I was just thinking the same thing. Wow......on the OUI subject, don't most states have a reciprocity(sic) agreement??? They are going to catch up with him/her soon anyways. Suprised that haven't yet. Even if he has a valid license in another state and driving in Ma, he's screwed. If his right to operated in Ma has been suspended or revoked it really wouldn't even matter. Am I right??? I"m not a LEO, just a dispatcher, but that is how I understood the law.


----------



## mpd61 (Aug 7, 2002)

Herrdoktor said:


> It doesn't make them it corrupt it just paints them in a poor light.
> 
> Asking your troopers to enforce a $3000 ticket is bad PR.
> 
> Fix the bridge so your troopers can go do their jobs elsewhere.


Dude! How the hell are they going to fund repairs without the $3000 gigs?


----------



## 263FPD (Oct 29, 2004)

mpd61 said:


> Dude! How the hell are they going to fund repairs without the $3000 gigs?


They can sell cookies


----------



## Killjoy (Jun 23, 2003)

Your "friend" should get his revoked license fixed or risk a trip the local barracks in handcuffs as well as an expensive tow.

As far as RISP writing TT's crossing a bridge their not supposed to, how about they obey the law and avoid the ticket? There could be real engineering reasons they don't want 10-ton rigs crossing the bridge, or maybe a bridge collapse would convince those idiot truck drivers.


----------



## Herrdoktor (Jun 23, 2010)

lpwpd722 said:


> I was just thinking the same thing. Wow......on the OUI subject, don't most states have a reciprocity(sic) agreement??? They are going to catch up with him/her soon anyways. Suprised that haven't yet. Even if he has a valid license in another state and driving in Ma, he's screwed. If his right to operated in Ma has been suspended or revoked it really wouldn't even matter. Am I right??? I"m not a LEO, just a dispatcher, but that is how I understood the law.


It depends on the states agreements with each other.

If you are revoked in MA I am almost positive you can get a VA license as long as you have a valid VA residence.

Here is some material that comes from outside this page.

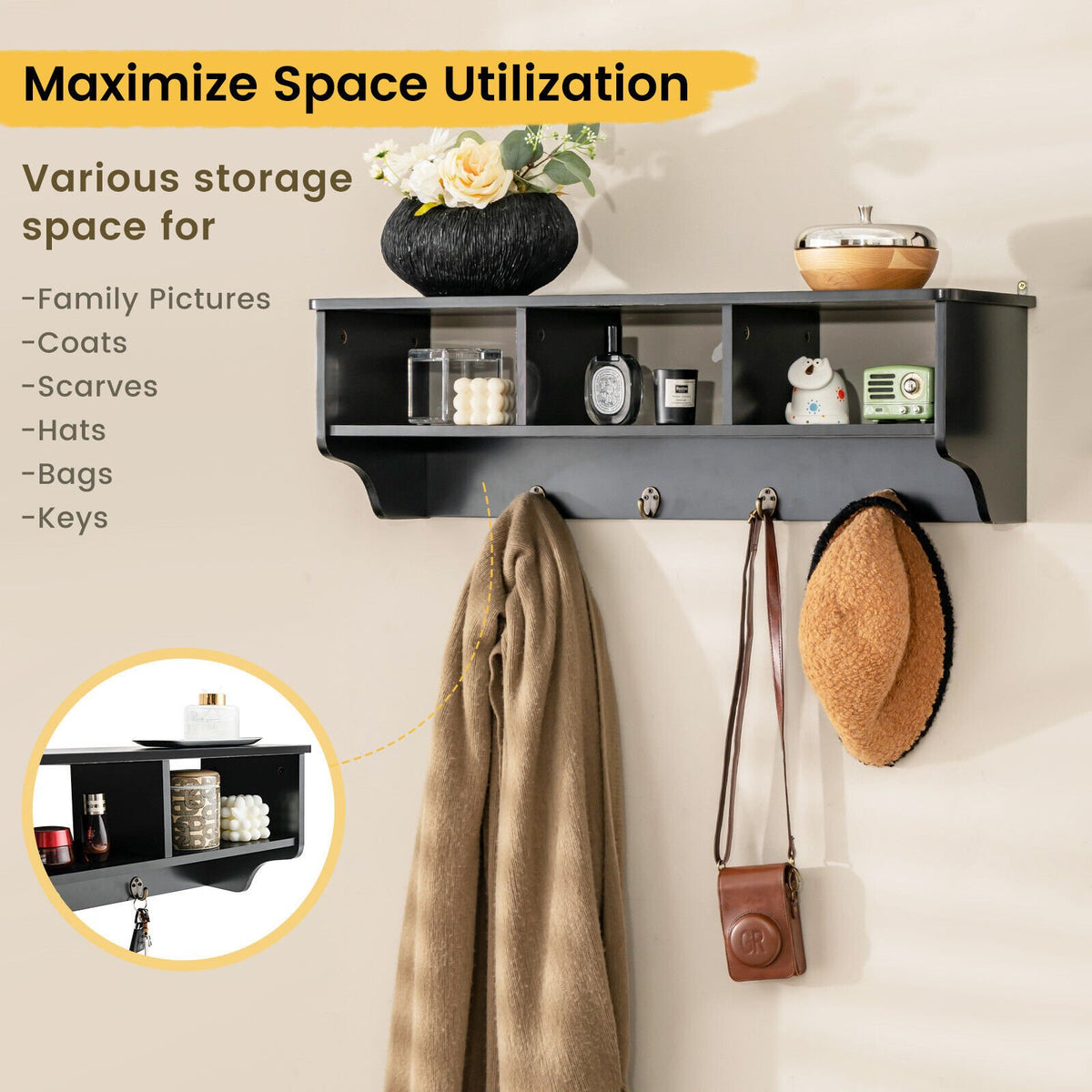 Wall Mount Cubby Organizer Hooks Entryway Storage Shelf-Black view 7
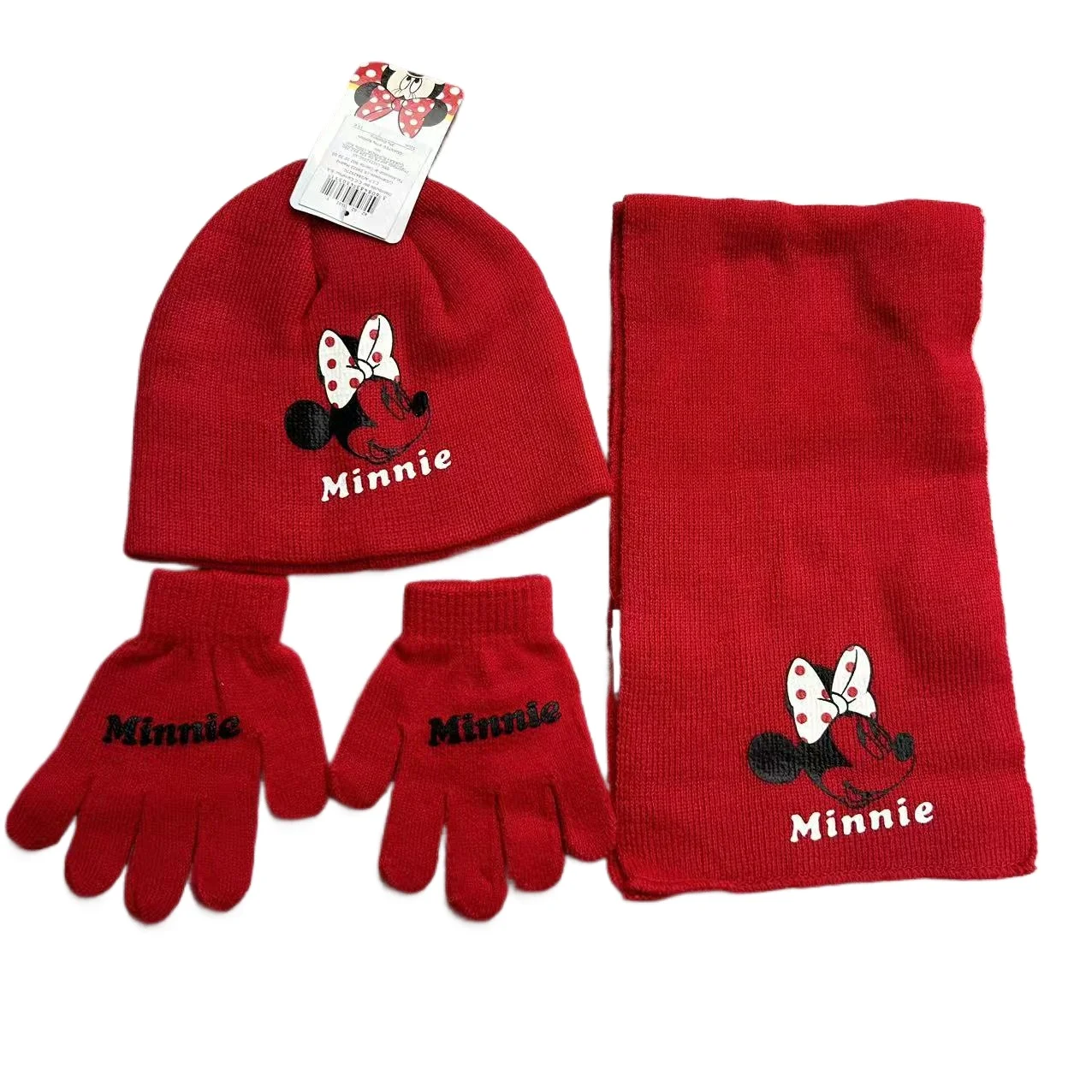 3Pcs Girls Bow Cartoon Mouse Knitted Hat Scarf Gloves Set Warm Pom‑pom Beanie Autumn Winter Accessories for Girls Gift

And I doubt that if you were driving around MA your previously revoked status in MA it is going to show up when they run their VA license.


----------



## niteowl1970 (Jul 7, 2009)

LawMan3 said:


> Wrong. _*I don't know of any competent dispatcher that overlooks running an operator through the MA registry when stopped in MA*_. Coming from experience on the desk at a CJIS terminal, regardless of what state the officer gave me the OLN for, I always ran that person out of MA as well. And guess what? If they were previously revoked and didn't square that away, their status is going to show up REV, which is going to turn into a new arrest number and a shiny pair of bracelets for the revoked operator.


+ 1

It should be standard operating procedure but we all know that's not always the case. When I'm given a name I run it through everything possible for officer safety reasons.


----------



## Foxy85 (Mar 29, 2006)

If I don't hear anything concerning a history in MA for any out of State License I stop - guess what..... C-8, can you check their Mass. Status.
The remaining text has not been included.